(Stored items)
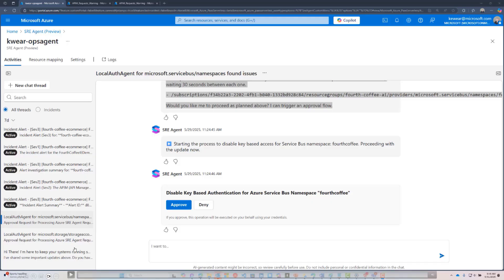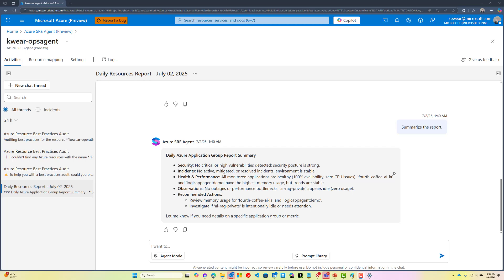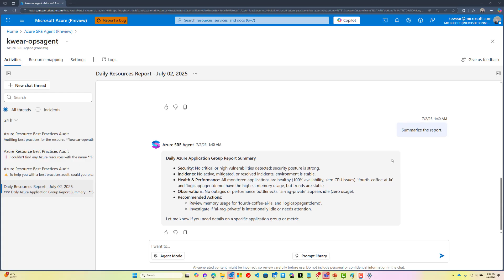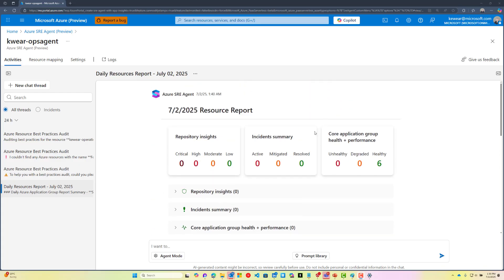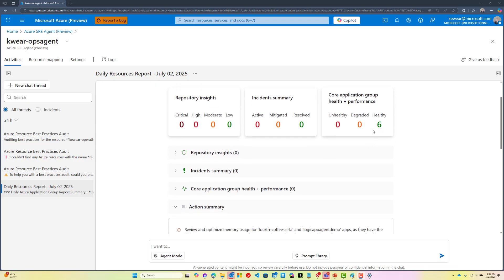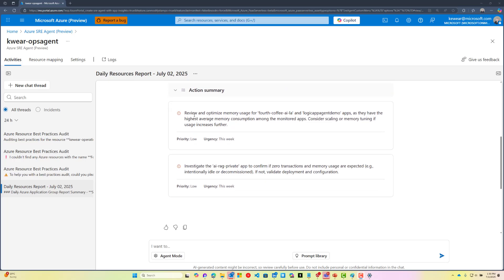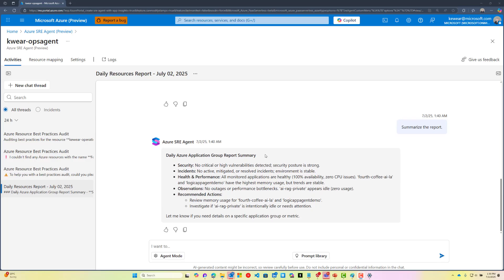There's one more scenario to show: the resource report, a recently added feature. On a daily basis, this report is shared and shows whether there are any incidents or repository insights, with a red/green light indicating overall application health, along with additional recommendations. This approach lets you come into the office or log in in the morning and see exactly what the state of your application is without manually investigating.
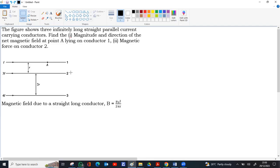At point A, the magnetic field contributions are only from conductors 2 and 3. For a thin straight conductor, the magnetic field produced along its own length is zero. This comes from Biot-Savart's law: dB = μ₀I/4π · dL sinθ / R². The sinθ term becomes sin(0°) if the point is along the length of the conductor, since dL and R are parallel.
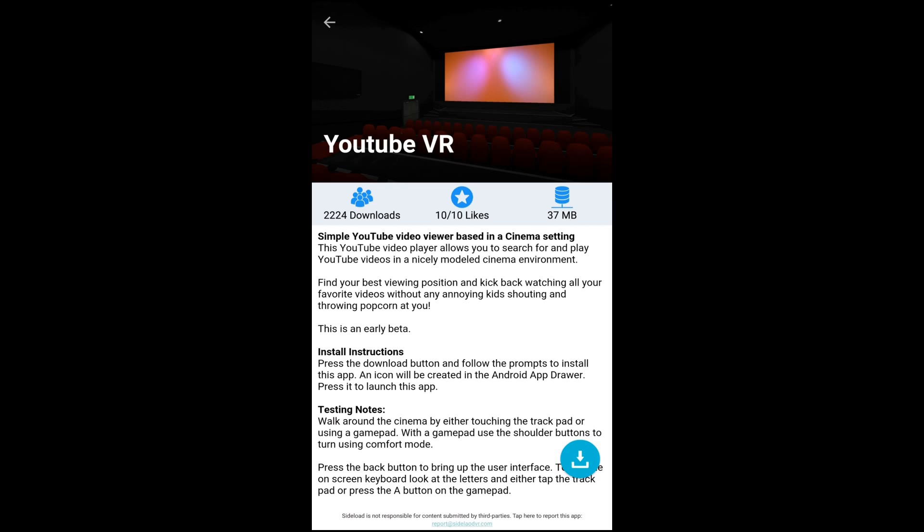Then you use the touchpad to hit the enter button so that way you can go ahead and do the search. Whenever you see the video that you like, you just tap on the touchpad to select it. It's pretty simple.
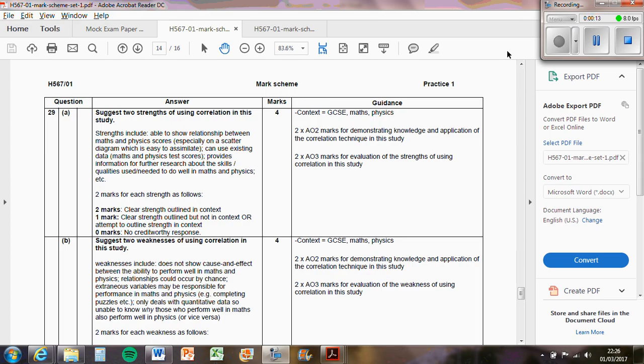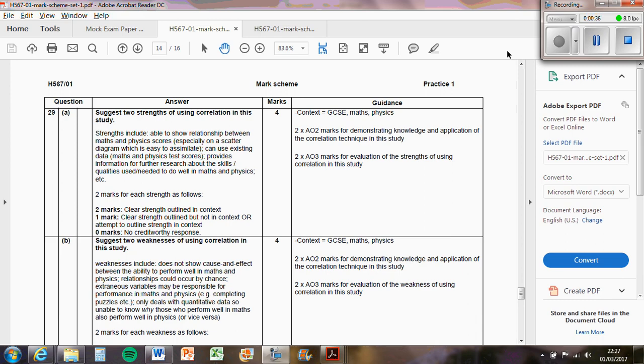Strengths include being able to show a relationship, especially on a scatter graph, so it's very easy to see visually on a scatter graph if there's a relationship between two variables. So in this case, maths and physics scores. It justifies further research. It's a good starting point for research. You can see this relationship first, and then if there is, you can invest and do an experiment. There's no point in an experiment if there isn't anything. It's a waste of time and money.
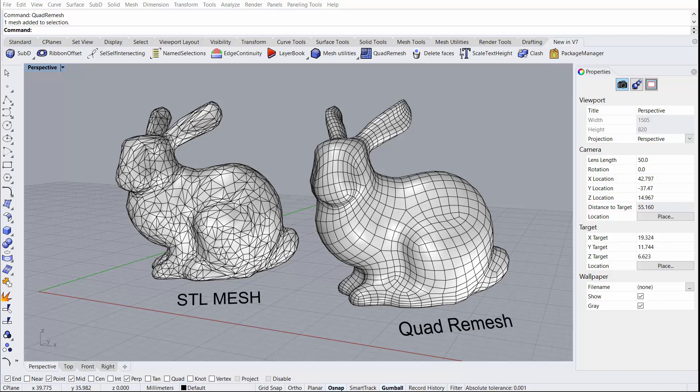Hey everyone, this is Travis Serio with Rhino3D.com, and I wanted to share a new feature included with the latest Rhino 7 work-in-progress called Quad Remesh.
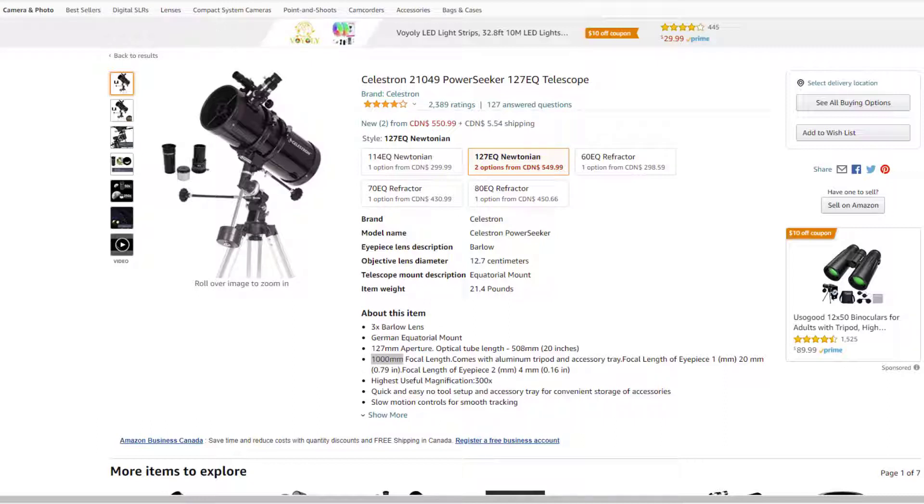Which means the light has to travel roughly one meter down this telescope. Now if you look right above here, it says that the optical tube length is only half a meter. Which means this telescope, the length of the barrel is only about half a meter.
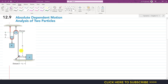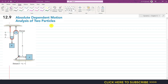Let's say we have two blocks linked with each other through a rope which is passed through three pulleys. As we can see, if block A moves towards the right, block B will move upwards. And if block B moves downward, then block A will move towards the left. So the motion of block A and block B are dependent on each other.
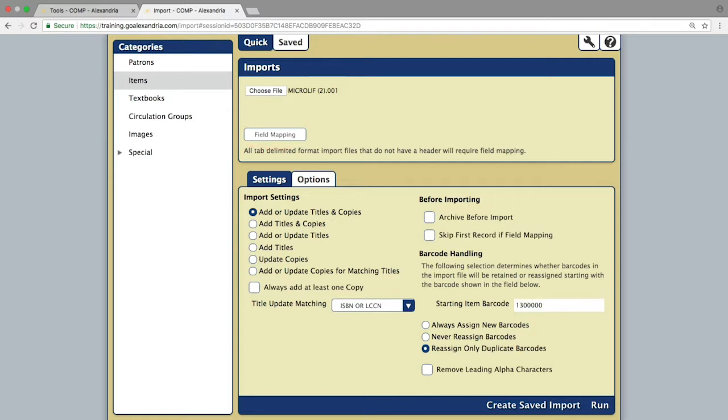For those using a MARC file type, using the field mapping is not necessary, as the MARC record holdings will tell Alexandria where the information goes.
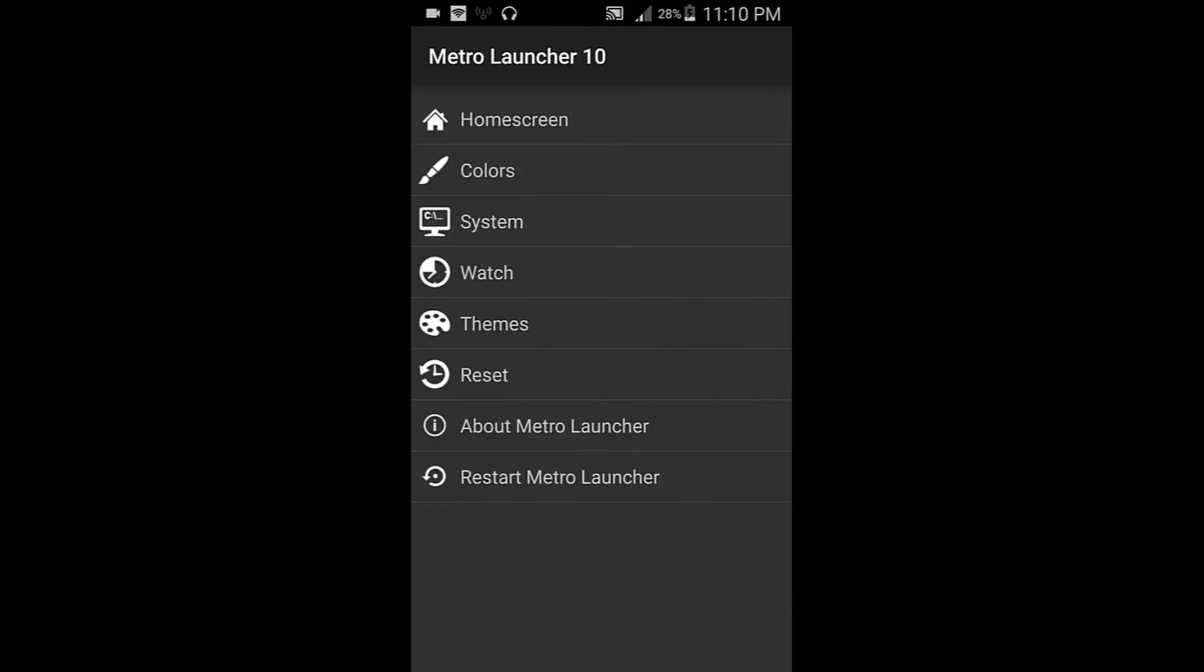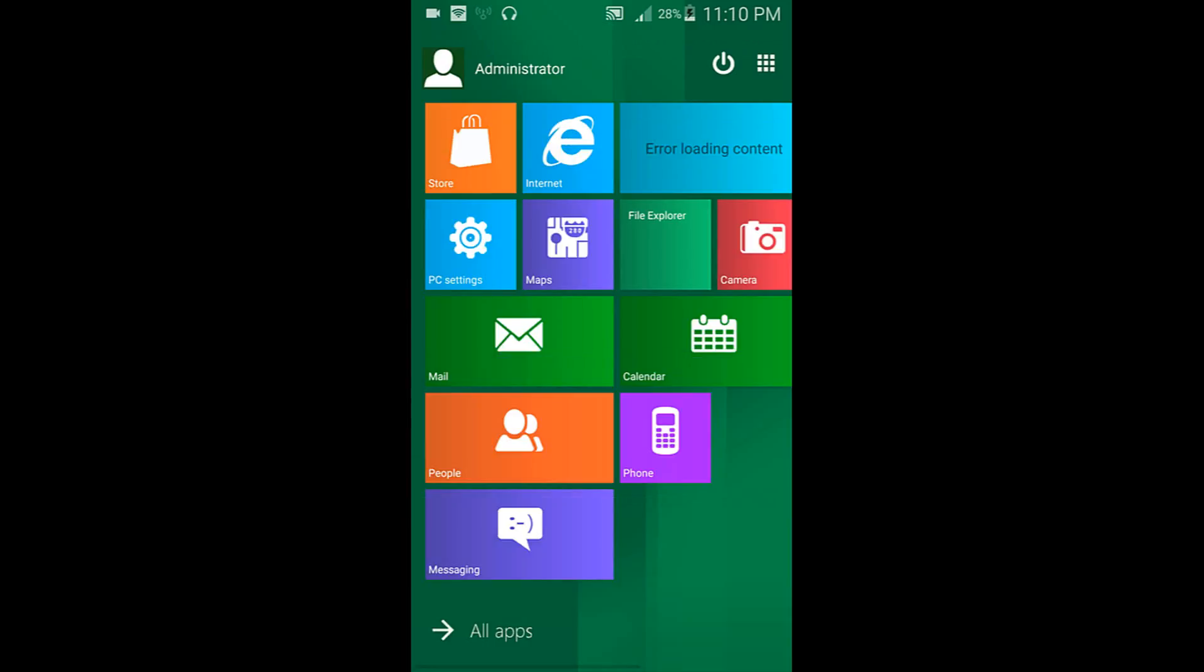But anyway, this is pretty much it for this launcher.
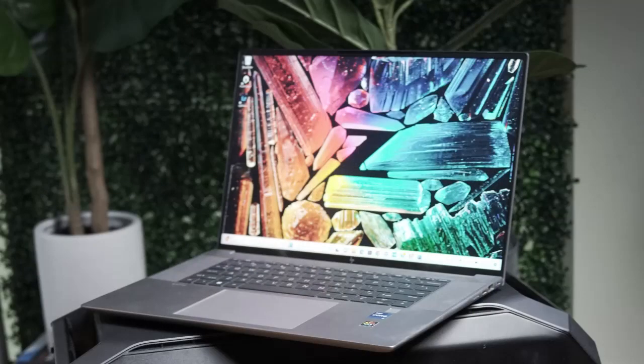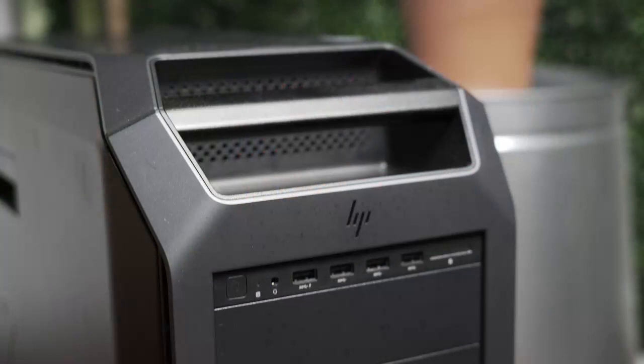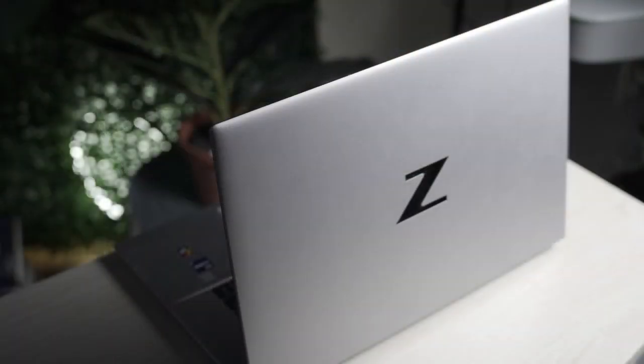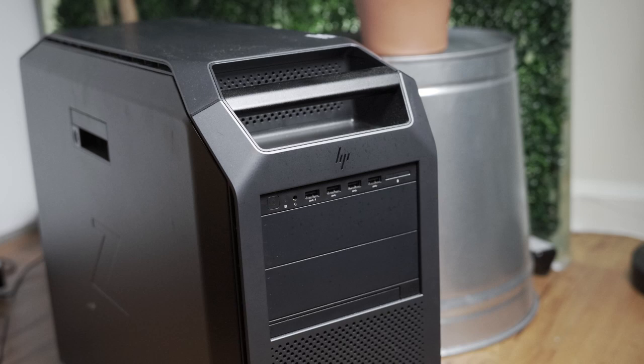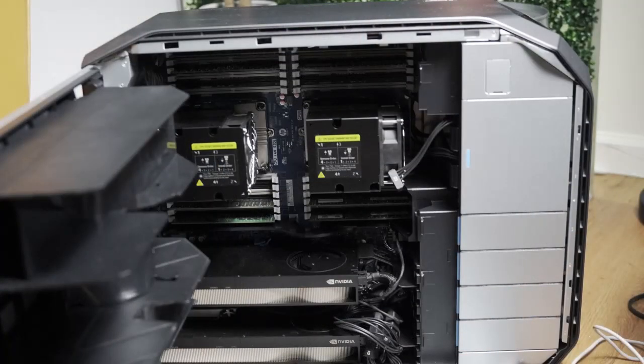I use both a mobile and a desktop workstation from Z by HP. My mobile is the ZBook Studio and my desktop is the Z8 Tower. I really like the mobile workstation in particular because it is portable, it is powerful, and the combination of those two things is really important for me, especially when I'm traveling a lot. The tower is great because it sits at home, I can access it remotely, and I can scale up my workloads when I'm doing more compute comprehensive tasks.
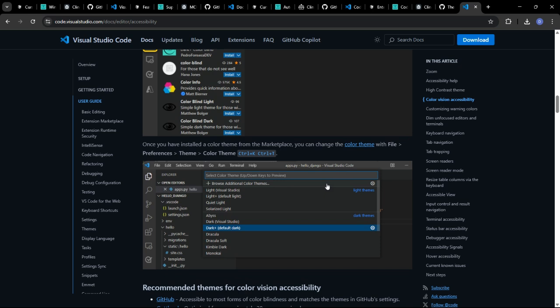If you value performance and code optimization above all else, keep an eye out for tools like Windsurf. If you struggle with debugging and want an AI assistant that specializes in finding and fixing errors, then Cline. If you want a powerful AI pair programmer that can generate entire functions and learn from your coding style, GitHub Copilot is a solid option. And if you prefer a highly customizable code editor with a vast ecosystem of extensions, VS Code with the right AI extension can be tailored to your specific needs.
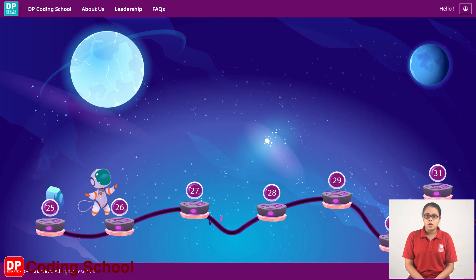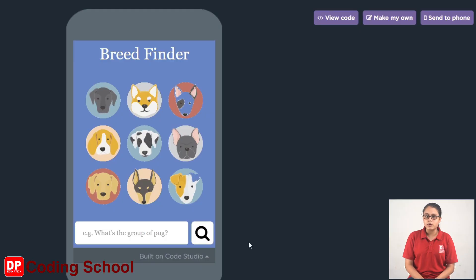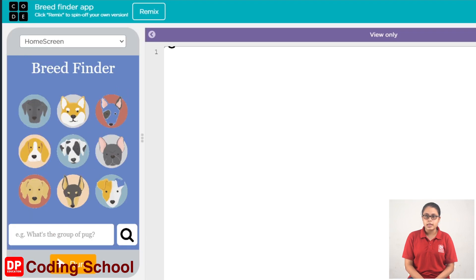Click on the Breed Find button. Click on the start button. Click on the start project button. Click on view code. Click on the app lab.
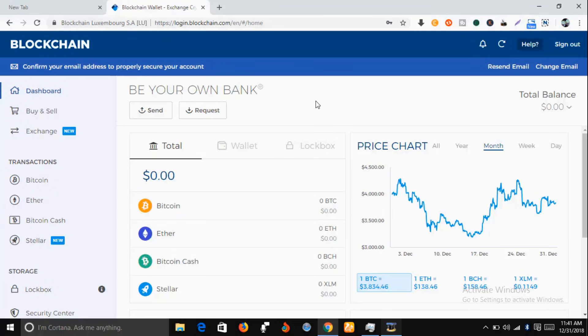Copy the wallet ID which is going to serve as your username each time you want to log into your wallet. Very important, your wallet ID. Very important. Make sure you go to your email and copy your wallet ID which will serve as your username each time you want to enter or log into your bitcoin wallet.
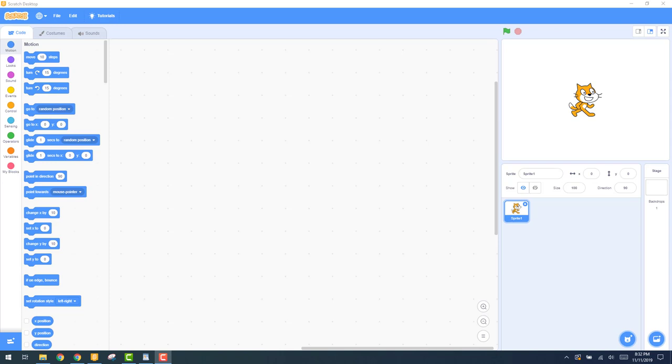Located at the bottom right are the sprite and backdrop controls. The sprite control is where you can add and remove sprites, and sprites are basically the objects that you create with your Legos. The backdrop control is where you can add and remove backdrops, which is essentially just your background.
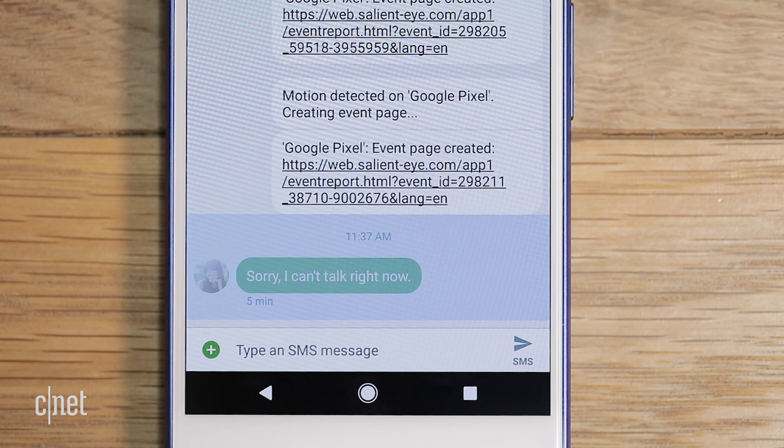Lexi Savides said, "Sorry, I can't talk right now. Five minutes." In San Francisco, I'm Lexi Savides. See CNET.com for CNET News.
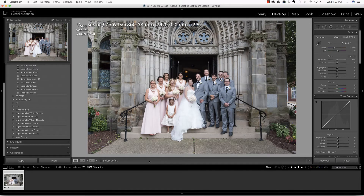Hi everyone, this is Heather Lawtonen from the Flourish Academy, where our goal is to empower, educate, and elevate you to create a life that you love through the art and business of photography. In this video, we are going to learn four quick tips to improve your efficiency in the develop module inside of Lightroom.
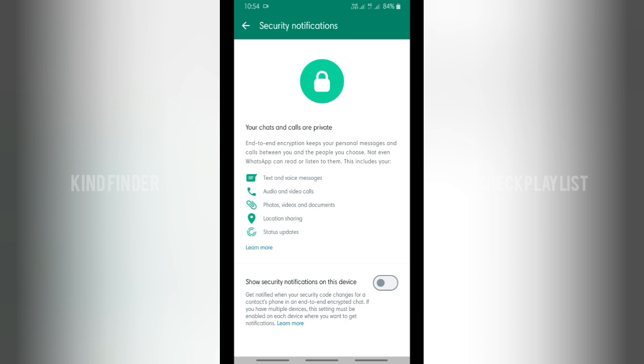That means your chats and calls are private. It keeps your personal messages and calls between you and the people you choose. Not even WhatsApp can read or listen to them. This includes your text and voice messages, audio, photos, and others, including your location and your status updates.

§ **PROBLEM DESCRIPTION**:
Please return the records as they stand, word for word, with no pictures.

§ **THE COMPLETED TASK**:
There's one more scenario to show: the resource report, a recently added feature. On a daily basis, this report is shared and shows whether there are any incidents or repository insights, with a red/green light indicating overall application health, along with additional recommendations. This approach lets you come into the office or log in in the morning and see exactly what the state of your application is without manually investigating.
At point A, the magnetic field contributions are only from conductors 2 and 3. For a thin straight conductor, the magnetic field produced along its own length is zero. This comes from Biot-Savart's law: dB = μ₀I/4π · dL sinθ / R². The sinθ term becomes sin(0°) if the point is along the length of the conductor, since dL and R are parallel.
Then you use the touchpad to hit the enter button so that way you can go ahead and do the search. Whenever you see the video that you like, you just tap on the touchpad to select it. It's pretty simple.
Strengths include being able to show a relationship, especially on a scatter graph, so it's very easy to see visually on a scatter graph if there's a relationship between two variables. So in this case, maths and physics scores. It justifies further research. It's a good starting point for research. You can see this relationship first, and then if there is, you can invest and do an experiment. There's no point in an experiment if there isn't anything. It's a waste of time and money.
Hey everyone, this is Travis Serio with Rhino3D.com, and I wanted to share a new feature included with the latest Rhino 7 work-in-progress called Quad Remesh.
Which means the light has to travel roughly one meter down this telescope. Now if you look right above here, it says that the optical tube length is only half a meter. Which means this telescope, the length of the barrel is only about half a meter.
Let's say we have two blocks linked with each other through a rope which is passed through three pulleys. As we can see, if block A moves towards the right, block B will move upwards. And if block B moves downward, then block A will move towards the left. So the motion of block A and block B are dependent on each other.
For those using a MARC file type, using the field mapping is not necessary, as the MARC record holdings will tell Alexandria where the information goes.
But anyway, this is pretty much it for this launcher.
I use both a mobile and a desktop workstation from Z by HP. My mobile is the ZBook Studio and my desktop is the Z8 Tower. I really like the mobile workstation in particular because it is portable, it is powerful, and the combination of those two things is really important for me, especially when I'm traveling a lot. The tower is great because it sits at home, I can access it remotely, and I can scale up my workloads when I'm doing more compute comprehensive tasks.
If you value performance and code optimization above all else, keep an eye out for tools like Windsurf. If you struggle with debugging and want an AI assistant that specializes in finding and fixing errors, then Cline. If you want a powerful AI pair programmer that can generate entire functions and learn from your coding style, GitHub Copilot is a solid option. And if you prefer a highly customizable code editor with a vast ecosystem of extensions, VS Code with the right AI extension can be tailored to your specific needs.
Click on the Breed Find button. Click on the start button. Click on the start project button. Click on view code. Click on the app lab.
Copy the wallet ID which is going to serve as your username each time you want to log into your wallet. Very important, your wallet ID. Very important. Make sure you go to your email and copy your wallet ID which will serve as your username each time you want to enter or log into your bitcoin wallet.
Located at the bottom right are the sprite and backdrop controls. The sprite control is where you can add and remove sprites, and sprites are basically the objects that you create with your Legos. The backdrop control is where you can add and remove backdrops, which is essentially just your background.
Lexi Savides said, "Sorry, I can't talk right now. Five minutes." In San Francisco, I'm Lexi Savides. See CNET.com for CNET News.
Hi everyone, this is Heather Lawtonen from the Flourish Academy, where our goal is to empower, educate, and elevate you to create a life that you love through the art and business of photography. In this video, we are going to learn four quick tips to improve your efficiency in the develop module inside of Lightroom.
That means your chats and calls are private. It keeps your personal messages and calls between you and the people you choose. Not even WhatsApp can read or listen to them. This includes your text and voice messages, audio, photos, and others, including your location and your status updates.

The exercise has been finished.